I am trying to update DataFrame column names if a substring exists within the column name, however I only need to update the substring, retaining all information either side of it.
Example:
import pandas as pd
lookup = [('abc_param_one_new', 'param_one'),
('abc_param_two_new', 'param_two'),
('abc_param_three_new', 'param_three')]
d = {'p1_abc_param_ONE_new1': [1,2],
'p2_abc_param_one_new2': [45,3],
'p3_abc_Param_One_new3': [76,5],
'p4_abc_param_two_new1': [4321,6],
'p5_abc_param_Two_new2': [3,2],
'p6_abc_param_THREE_new1': [6,5]}
df = pd.DataFrame(d)
# make all lowercase
df.columns = [x.lower() for x in df.columns]
I am trying to use the lookup var (this could be a different format though) to search and replace the substring within each column name.
e.g.
'p1_abc_param_ONE_new1' -> 'p1_param_one1'
I can do this primitively looping over the lookup and the checking for each column header, but can't manage to replace the substring.

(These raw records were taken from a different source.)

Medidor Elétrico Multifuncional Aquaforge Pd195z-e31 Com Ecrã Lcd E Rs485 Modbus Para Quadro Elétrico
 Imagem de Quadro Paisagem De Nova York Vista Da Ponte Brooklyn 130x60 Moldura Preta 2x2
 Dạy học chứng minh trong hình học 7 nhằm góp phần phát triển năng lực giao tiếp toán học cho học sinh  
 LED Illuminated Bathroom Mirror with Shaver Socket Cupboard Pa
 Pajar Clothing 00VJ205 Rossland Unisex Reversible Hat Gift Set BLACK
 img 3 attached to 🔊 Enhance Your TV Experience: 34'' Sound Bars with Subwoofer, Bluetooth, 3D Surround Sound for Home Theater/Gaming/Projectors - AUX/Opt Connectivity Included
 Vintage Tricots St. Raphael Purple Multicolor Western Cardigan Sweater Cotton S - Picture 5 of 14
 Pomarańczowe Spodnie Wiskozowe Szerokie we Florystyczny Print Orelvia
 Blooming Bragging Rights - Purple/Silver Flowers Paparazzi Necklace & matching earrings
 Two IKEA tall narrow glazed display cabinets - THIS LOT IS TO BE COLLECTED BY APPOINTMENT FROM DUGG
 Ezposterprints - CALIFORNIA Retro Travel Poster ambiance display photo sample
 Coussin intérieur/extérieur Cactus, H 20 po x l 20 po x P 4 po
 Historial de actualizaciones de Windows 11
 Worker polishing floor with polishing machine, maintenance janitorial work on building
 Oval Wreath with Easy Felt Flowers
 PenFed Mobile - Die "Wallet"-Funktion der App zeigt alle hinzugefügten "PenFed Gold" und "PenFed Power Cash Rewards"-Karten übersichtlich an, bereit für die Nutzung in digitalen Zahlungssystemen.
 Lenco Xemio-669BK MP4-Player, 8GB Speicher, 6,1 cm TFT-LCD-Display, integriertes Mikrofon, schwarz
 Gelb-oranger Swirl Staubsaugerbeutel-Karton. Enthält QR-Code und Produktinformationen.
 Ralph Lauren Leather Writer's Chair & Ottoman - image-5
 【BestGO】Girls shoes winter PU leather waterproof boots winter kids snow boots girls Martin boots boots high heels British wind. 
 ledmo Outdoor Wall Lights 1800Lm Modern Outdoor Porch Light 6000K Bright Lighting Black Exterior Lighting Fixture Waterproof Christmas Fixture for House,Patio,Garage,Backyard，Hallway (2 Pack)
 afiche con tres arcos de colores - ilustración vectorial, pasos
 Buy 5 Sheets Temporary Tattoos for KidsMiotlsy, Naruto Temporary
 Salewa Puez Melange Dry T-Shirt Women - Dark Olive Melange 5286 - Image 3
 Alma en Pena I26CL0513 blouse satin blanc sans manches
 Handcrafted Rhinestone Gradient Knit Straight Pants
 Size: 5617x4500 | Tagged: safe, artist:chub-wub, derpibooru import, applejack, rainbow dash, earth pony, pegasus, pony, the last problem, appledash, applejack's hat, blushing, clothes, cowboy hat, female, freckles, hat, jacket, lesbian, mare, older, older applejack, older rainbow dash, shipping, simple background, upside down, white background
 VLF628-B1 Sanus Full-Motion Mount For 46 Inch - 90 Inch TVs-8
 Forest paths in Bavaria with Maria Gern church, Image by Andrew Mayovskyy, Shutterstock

Additionally it feels that the nested loop approach is not very efficient. Is there a more pythonic way to do this perhaps using built in pandas methods and/or list comprehensions?
CodePudding user response:
You can use a regex and str.replace
:
dic = dict(lookup)
pat = '|'.join(dic)
df.columns = df.columns.str.replace(pat, lambda x: dic.get(x.group(0)), regex=True)
output (df.columns
):
Index(['p1_param_one1', 'p2_param_one2', 'p3_param_one3', 'p4_param_two1',
'p5_param_two2', 'p6_param_three1'],
dtype='object')
CodePudding user response:
You can use series.replace
with replacement dictionary
repl = {fr'(?i){k}': v for k, v in lookup}
df.columns = df.columns.to_series().replace(repl, regex=True)
p1_param_one1 p2_param_one2 p3_param_one3 p4_param_two1 p5_param_two2 p6_param_three1
0 1 45 76 4321 3 6
1 2 3 5 6 2 5